| Work item |
What you return must match the records below exactly, apart from the omitted pictures.

>>>

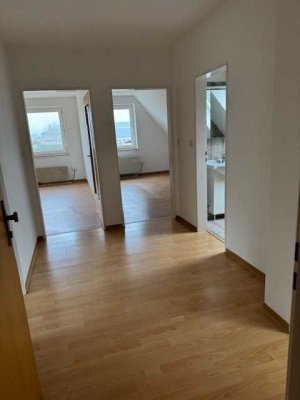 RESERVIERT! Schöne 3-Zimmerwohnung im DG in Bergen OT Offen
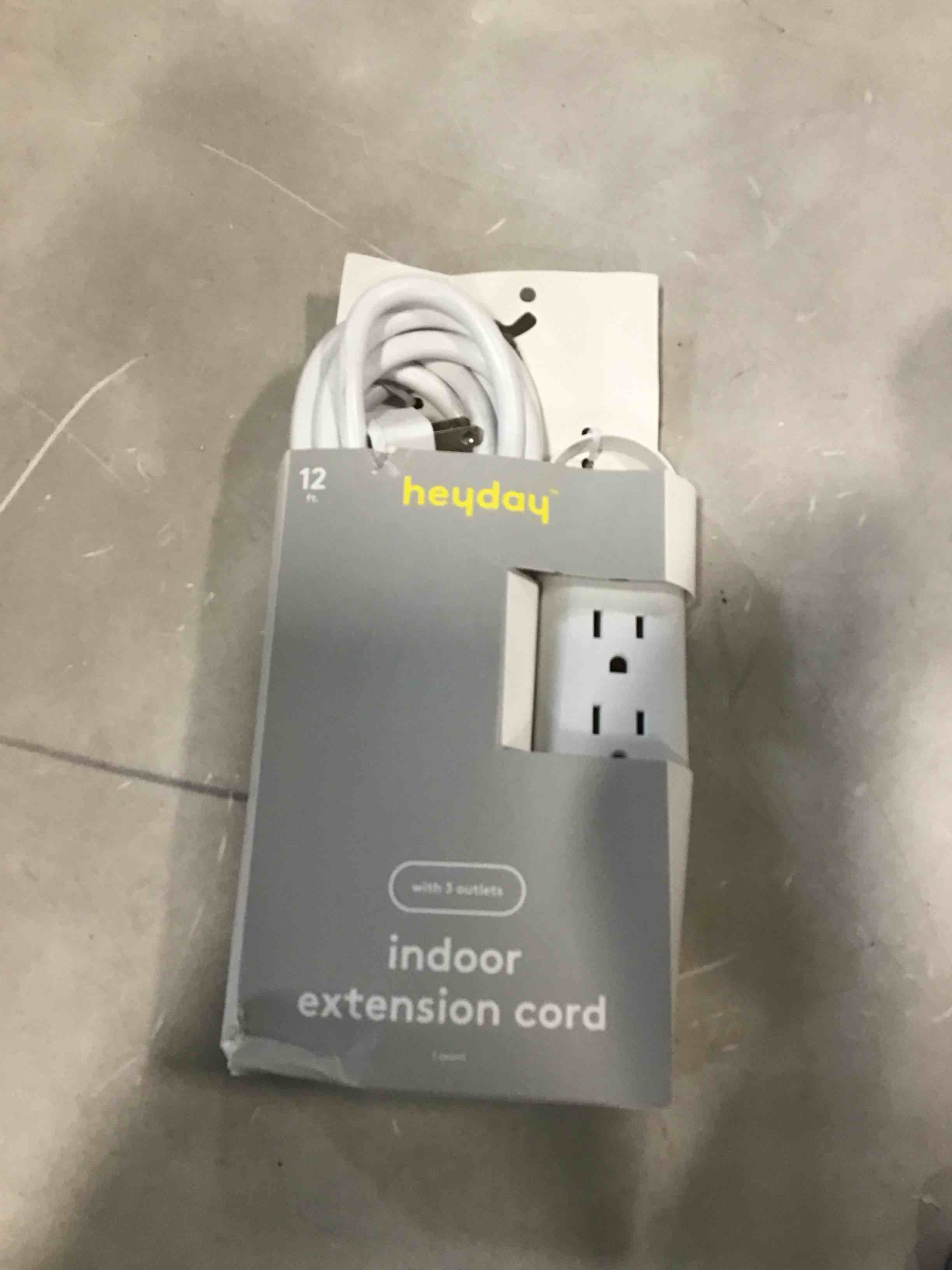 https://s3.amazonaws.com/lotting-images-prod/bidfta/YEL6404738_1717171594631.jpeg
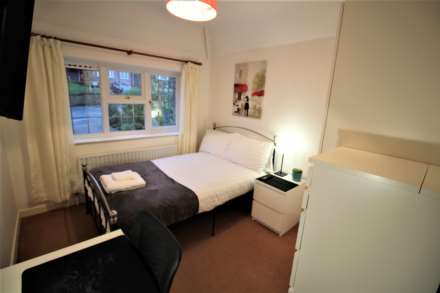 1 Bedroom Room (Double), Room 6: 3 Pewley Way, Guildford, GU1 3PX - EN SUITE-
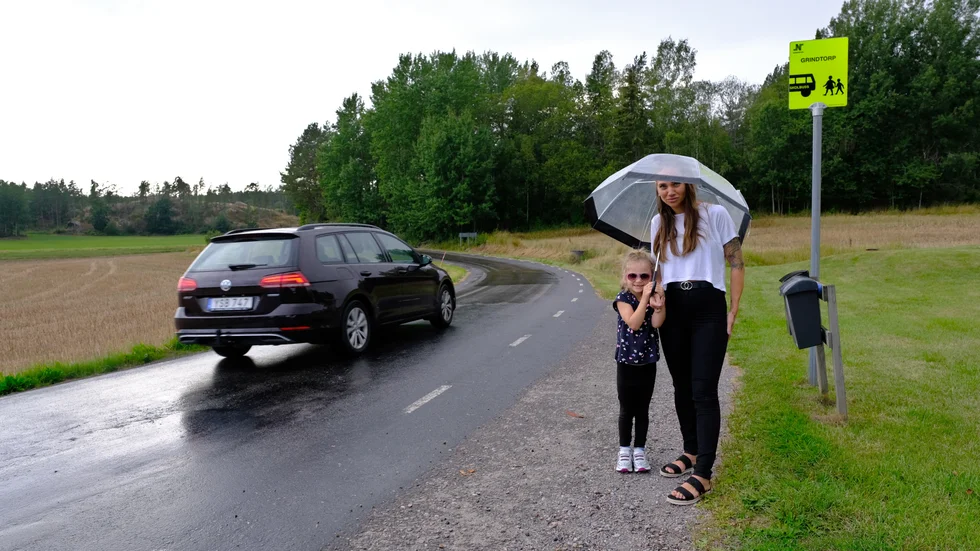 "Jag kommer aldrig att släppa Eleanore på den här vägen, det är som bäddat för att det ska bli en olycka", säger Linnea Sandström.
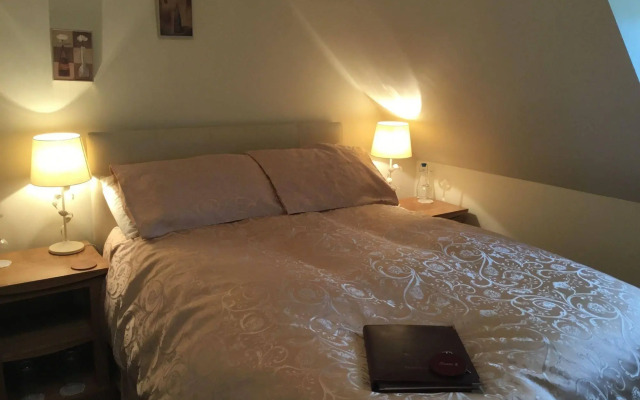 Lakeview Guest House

<<<

| Exercise output |
 RESERVIERT! Schöne 3-Zimmerwohnung im DG in Bergen OT Offen
 https://s3.amazonaws.com/lotting-images-prod/bidfta/YEL6404738_1717171594631.jpeg
 1 Bedroom Room (Double), Room 6: 3 Pewley Way, Guildford, GU1 3PX - EN SUITE-
 "Jag kommer aldrig att släppa Eleanore på den här vägen, det är som bäddat för att det ska bli en olycka", säger Linnea Sandström.
 Lakeview Guest House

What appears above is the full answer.